A Lasting Power of Attorney or LPA gives legal authority to a trusted friend or relative to make decisions and deal with the affairs of someone unable to do this for themselves.

It is always recommended that people sign an LPA while they have the mental capacity to do so. This means that, should they ever lose this ability, their attorney will be able to step in to help them. An LPA can be signed in respect of property and financial affairs or in respect of health and welfare matters.

Once an LPA has been signed, it can either be registered with the Office of the Public Guardian or stored with other important papers until needed.

It may be the case that where someone has made an LPA in the past, they may wish to end or change it. This is perfectly possible provided they still have the mental capacity to understand the situation and make the decision knowingly.

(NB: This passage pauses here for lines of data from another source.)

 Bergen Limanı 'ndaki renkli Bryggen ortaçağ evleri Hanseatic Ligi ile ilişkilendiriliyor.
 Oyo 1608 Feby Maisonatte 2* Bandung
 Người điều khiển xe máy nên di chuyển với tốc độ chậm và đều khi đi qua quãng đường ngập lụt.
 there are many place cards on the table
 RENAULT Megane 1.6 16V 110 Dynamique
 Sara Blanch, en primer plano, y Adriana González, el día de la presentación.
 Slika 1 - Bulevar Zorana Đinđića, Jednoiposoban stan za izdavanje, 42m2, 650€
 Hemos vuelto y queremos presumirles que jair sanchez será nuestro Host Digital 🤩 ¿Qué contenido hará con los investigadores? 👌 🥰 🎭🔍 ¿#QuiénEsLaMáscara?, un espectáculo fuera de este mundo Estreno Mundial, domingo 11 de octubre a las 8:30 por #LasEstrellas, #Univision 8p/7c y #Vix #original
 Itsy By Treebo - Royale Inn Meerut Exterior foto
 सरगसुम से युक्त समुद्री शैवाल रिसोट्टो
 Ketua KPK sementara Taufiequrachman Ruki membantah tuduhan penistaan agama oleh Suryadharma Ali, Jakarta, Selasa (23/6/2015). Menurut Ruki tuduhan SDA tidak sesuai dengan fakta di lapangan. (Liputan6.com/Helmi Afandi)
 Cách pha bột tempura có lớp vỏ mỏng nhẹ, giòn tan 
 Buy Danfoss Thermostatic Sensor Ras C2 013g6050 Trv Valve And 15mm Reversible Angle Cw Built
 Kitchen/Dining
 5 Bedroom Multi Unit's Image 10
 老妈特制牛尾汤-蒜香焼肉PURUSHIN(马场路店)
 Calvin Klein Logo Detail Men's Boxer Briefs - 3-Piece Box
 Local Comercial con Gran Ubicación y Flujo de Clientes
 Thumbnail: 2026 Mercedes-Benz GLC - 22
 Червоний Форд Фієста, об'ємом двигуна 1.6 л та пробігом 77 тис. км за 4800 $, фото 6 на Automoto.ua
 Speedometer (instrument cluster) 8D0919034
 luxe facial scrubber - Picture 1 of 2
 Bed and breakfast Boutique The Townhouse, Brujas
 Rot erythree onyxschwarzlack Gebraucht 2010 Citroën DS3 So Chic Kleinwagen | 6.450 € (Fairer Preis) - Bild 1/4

How to end a Lasting Power of Attorney

To revoke your LPA, you need to have a deed of revocation drawn up. This must have set wording including full details of the original LPA. You can ask an experienced LPA solicitor to draw this up for you. Once it has been signed, it should be sent to the Office of the Public Guardian together with the original LPA.

You will also need to tell your proposed attorney and anyone else who was notified about the existence of the LPA. You should ask your attorney to let you have any copies of the LPA that they hold.

Other situations in which an LPA can be ended

An LPA will end in the following situations:

  • Your attorney loses mental capacity or the ability to make decisions
  • Your attorney was your spouse or civil partner and you divorce or dissolve your civil partnership
  • Your attorney is declared bankrupt or made the subject of a debt relief order – this only applies if they are an attorney under a property and financial LPA, not a health and welfare LPA
  • The Court of Protection removes your attorney from their role
  • Your attorney dies and you did not appoint a replacement and they were your sole attorney – if you appointed more than one attorney, any remaining attorneys can continue to act
  • When you die – from this point on, your executors appointed in your Will are responsible for dealing with your estate

Changing your LPA

If you have more than one attorney and you want to remove one of them, for example, if your original choice has moved away or you think they might struggle to deal with your affairs if they were called upon to do so, you can do this by making a partial deed of revocation. The LPA itself should not be amended as this could make it invalid.

Instead, you should send a partial deed of revocation to the Office of the Public Guardian and notify all attorneys as well as those close to you of what decisions you have made.